== WHAT IS BEING ASKED ==
Pictures aside, the output must consist of the lines from the one containing "تختخواب و صبحانه Hill Side Cottage" through the end of the data, reproduced exactly.
──────── RECORDED DATA
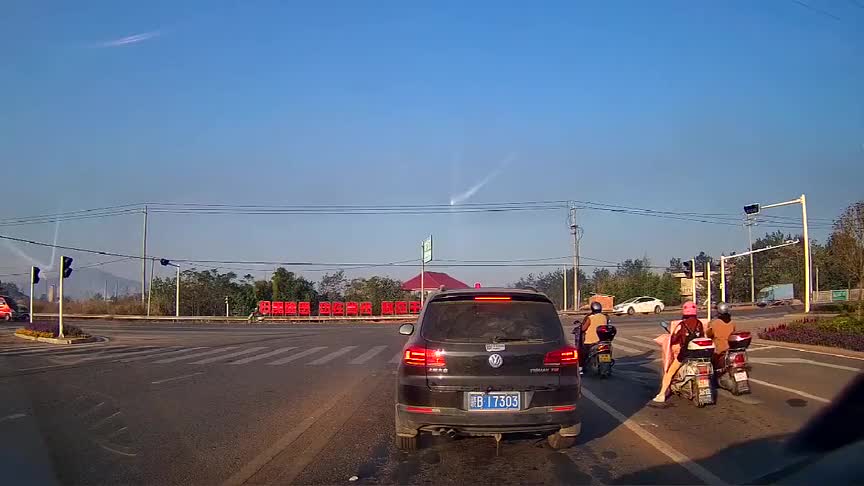 实拍：哈哈哈，韩系车起亚K3，这个漂移怎么样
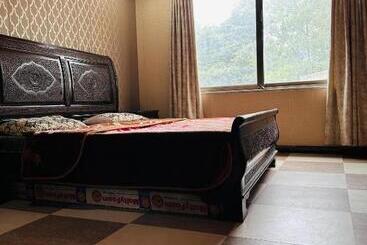 تختخواب و صبحانه Hill Side Cottage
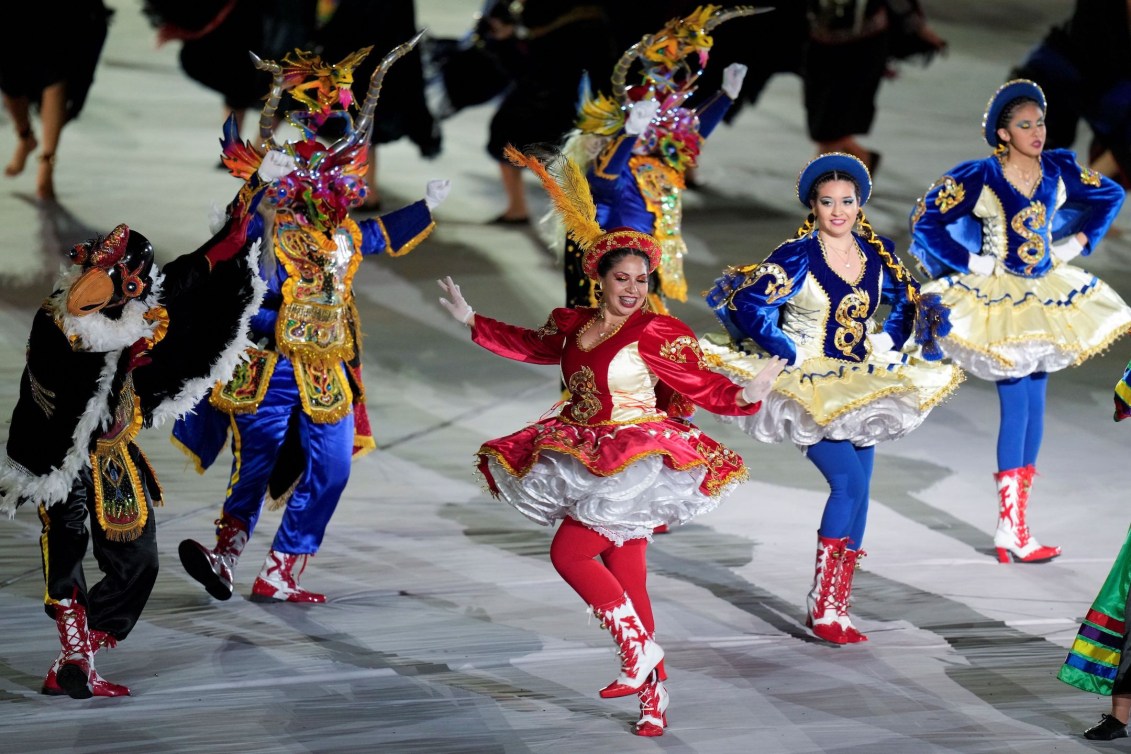 Des danseurs en prestation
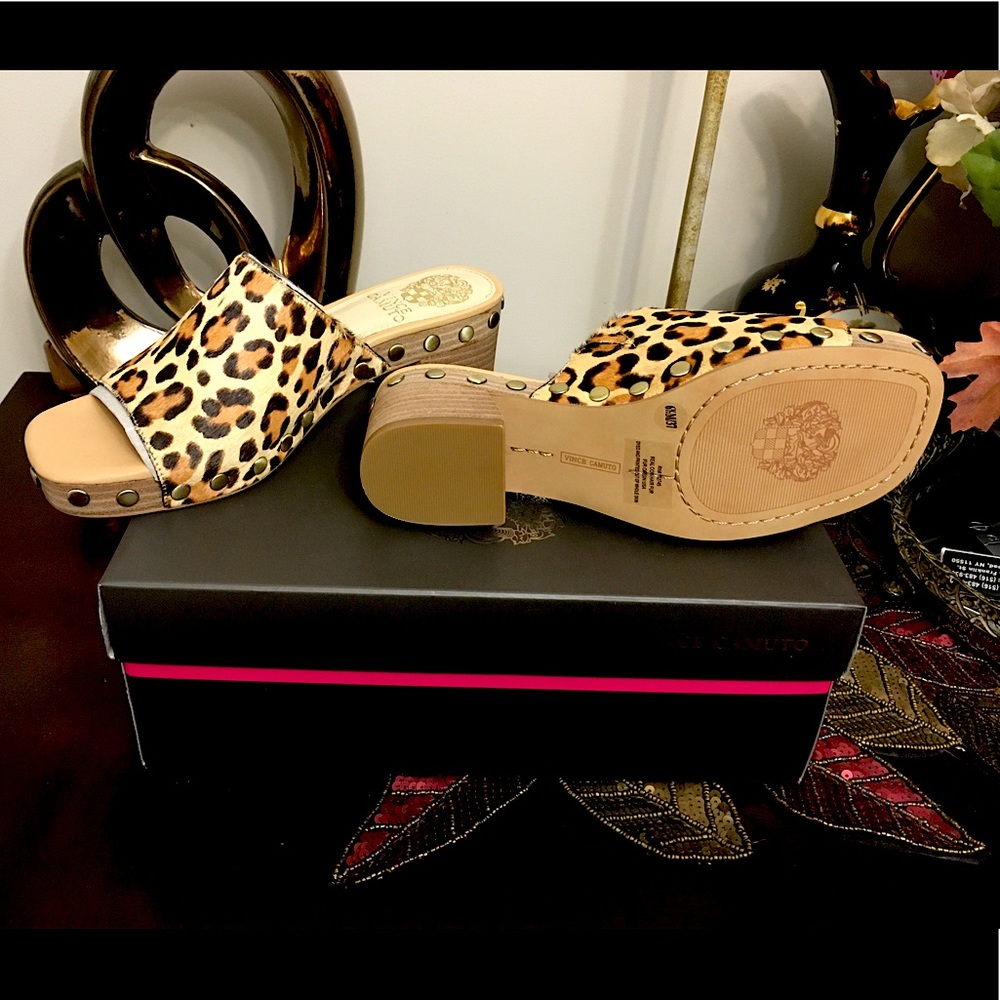 Vince Camuto HANIYA STUDDED MULE - Picture 9 of 10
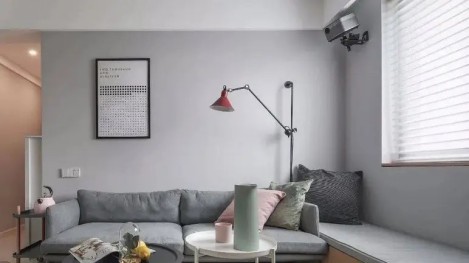 再婚6年后，61岁翁静晶公开豪门日常，花10万坐头等舱喝香槟生活惬意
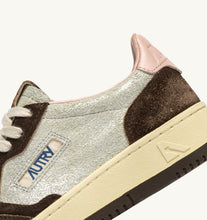 Charger l'image dans la galerie, Autry Sneakers Medalist 01 Low Leather Suede Mustang YB02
────────────────
== EXERCISE RESPONSE ==
 تختخواب و صبحانه Hill Side Cottage
 Des danseurs en prestation
 Vince Camuto HANIYA STUDDED MULE - Picture 9 of 10
 再婚6年后，61岁翁静晶公开豪门日常，花10万坐头等舱喝香槟生活惬意
 Charger l'image dans la galerie, Autry Sneakers Medalist 01 Low Leather Suede Mustang YB02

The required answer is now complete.